After the Disaster: How to Learn from Historical Incident Management Data
Your high school history teacher no doubt delivered to you some variation on George Santayana’s famous remark that, “those who cannot remember the past are condemned to repeat it.“
I’m pretty sure Santayana wasn’t thinking about incident management when he wrote that. But his wisdom still applies — and it’s worth heeding if you’re responsible for incident management.
True, the main purpose of incident management is to identify and resolve issues that affect your infrastructure, but your incident management operations shouldn’t stop there. Instead of just reacting to customer tickets, you should also take advantage of the rich volumes of data that your alerting systems generate to proactively detect and prevent issues, so you can gain insights that will help you make your infrastructure more resilient going forward.
In this post, I’ll outline some strategies for working with historical incident management data, including how to collect and analyze data, and what to look for when working with this information.

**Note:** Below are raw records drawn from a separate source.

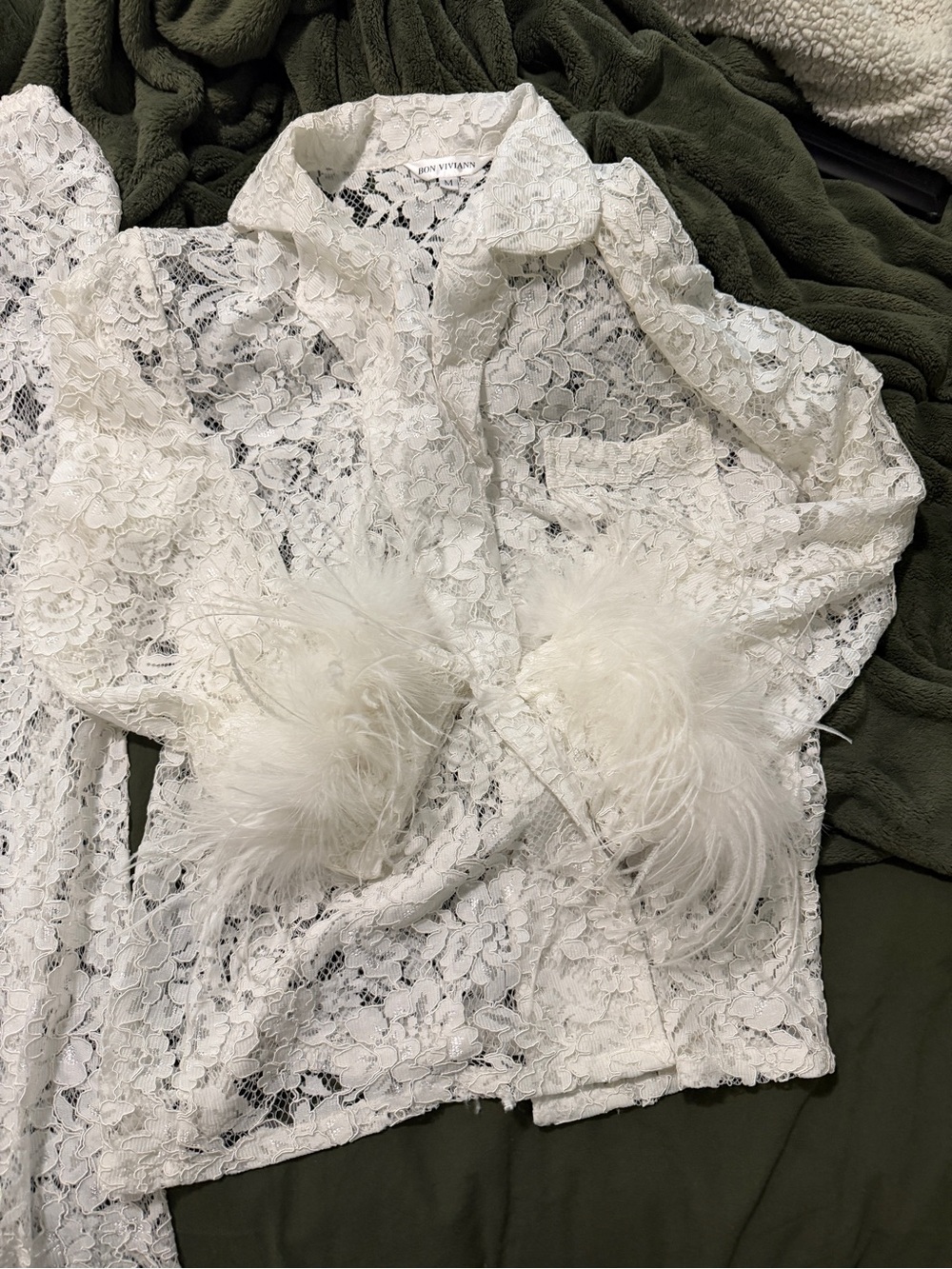 White Lace Bridal Pajama Set with Feather Trim - Picture 2 of 3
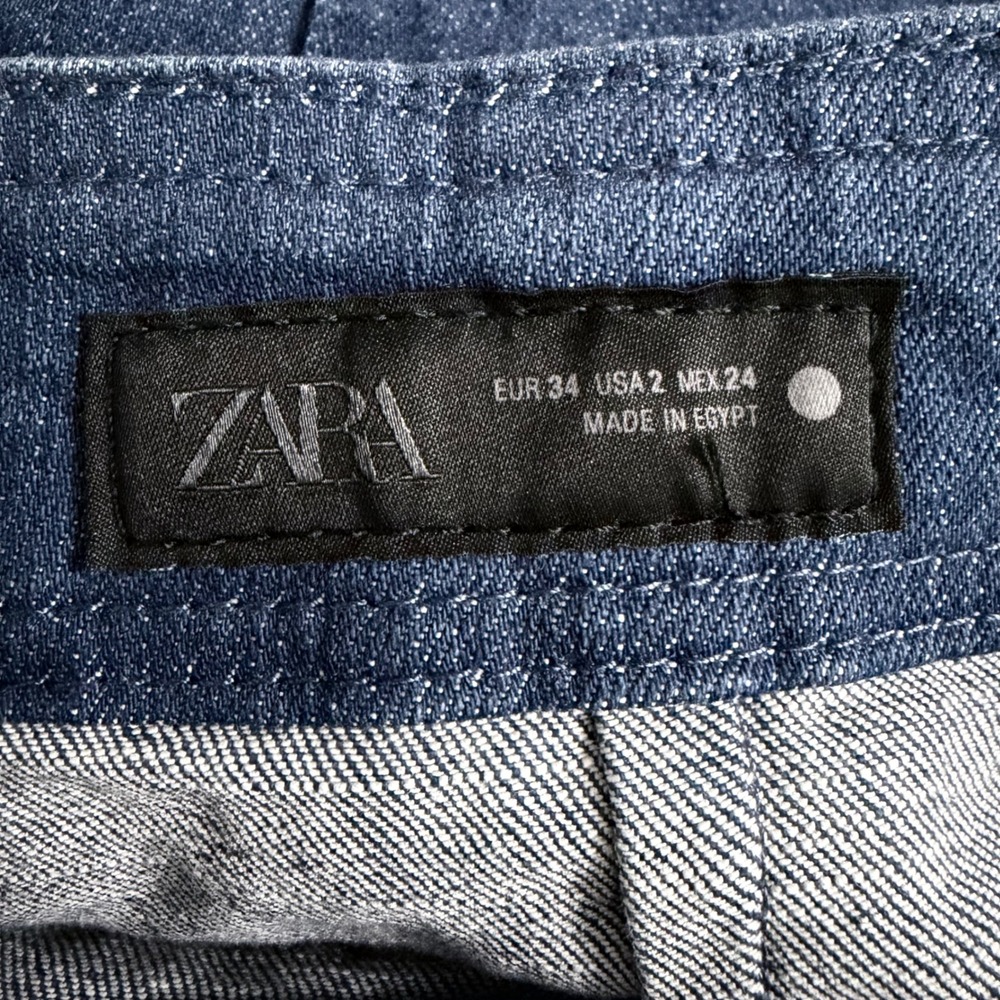 NEW Zara Womens High Waisted Wide Leg Jeans 2 Dark Indigo Front Seam Denim - Picture 8 of 12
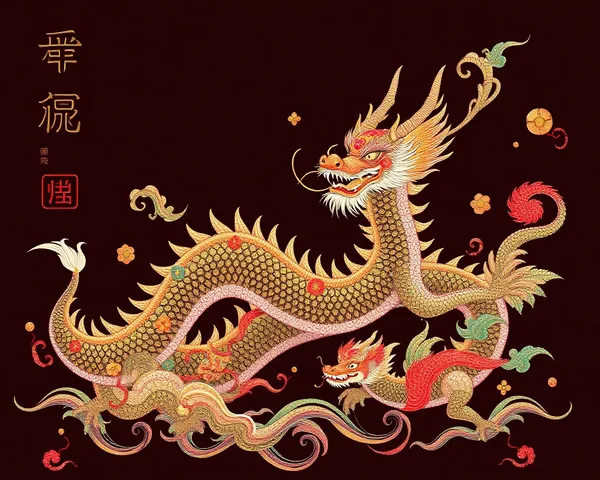 Illustration de dragon chinois en PNG pour le design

Save and standardize your data
The first step in analyzing historical incident management data is finding a standardized way to collect and parse the information. This can be challenging since the amount and format of historical log data varies widely between different monitoring systems.
Some monitoring systems don’t provide much at all in the way of logged data that you can examine after the fact. For example, Pingdom is a great tool for real-time monitoring, but since it was designed to tell you what’s happening now, not what happened yesterday, it doesn’t provide much historical data on its own.
Other monitoring systems keep data for limited periods of time or store it in formats that are hard to work with. For instance, to analyze Snort data, you may need to sift through packet dumps. Unless Wireshark is your favorite way to spend a Friday evening, that’s a lot of work.
Moreover, if you have lots of monitoring systems in place, they probably dump data to a number of scattered locations. Some tools write logs to /var/log on local machines, where they’re hard to find and may be deleted by maintenance scripts. Others keep logs in the cloud for varying lengths of time — not ideal if you want to analyze all of your historical data at once.
For these reasons, in order to make the most of your incident management data, you should make sure to do two things:
- Send alerts and logs to a central collection point where they can be stored as long as you need them (rather than as long as the original monitoring system or local storage will support them).
- Convert data at your collection point to a standard format — and extract actionable insights and takeaways that can be reinvested into the infrastructure (with a process like incident postmortems).
PagerDuty takes things a step further by allowing you to import data from these and other sources, converting it to a standardized format, and centralizing and cross-correlating data with visualizations that draw patterns and trends, and can be leveraged to identify root cause and more.
View and analyze your data
Saving your data is only half the battle. The other challenge is how to view and analyze it.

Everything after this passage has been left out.